Provided records: Begin

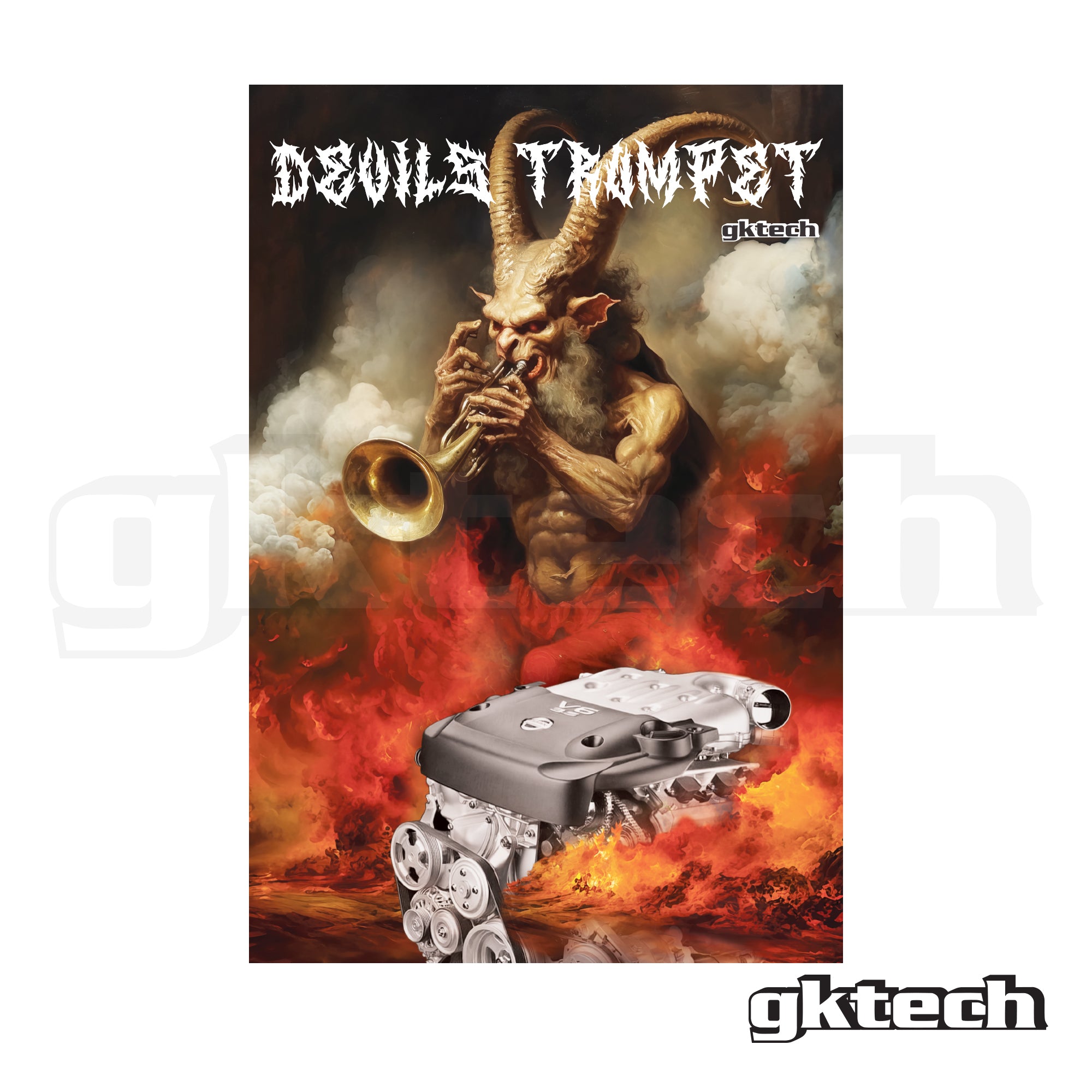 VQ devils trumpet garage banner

Provided records: End
Provided records: Begin

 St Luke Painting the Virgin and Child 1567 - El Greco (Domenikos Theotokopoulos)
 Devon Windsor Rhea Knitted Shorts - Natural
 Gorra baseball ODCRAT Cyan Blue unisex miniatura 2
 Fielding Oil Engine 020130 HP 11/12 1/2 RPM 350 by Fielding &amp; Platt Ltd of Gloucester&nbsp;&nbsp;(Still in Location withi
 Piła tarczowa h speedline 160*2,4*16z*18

Provided records: End

Retype, in the same exact form, the lines of the material above from the line holding "Fielding Oil Engine" through the line holding "Piła tarczowa h speedline 160*2,4*16z*18".

Task solution
 Fielding Oil Engine 020130 HP 11/12 1/2 RPM 350 by Fielding &amp; Platt Ltd of Gloucester&nbsp;&nbsp;(Still in Location withi
 Piła tarczowa h speedline 160*2,4*16z*18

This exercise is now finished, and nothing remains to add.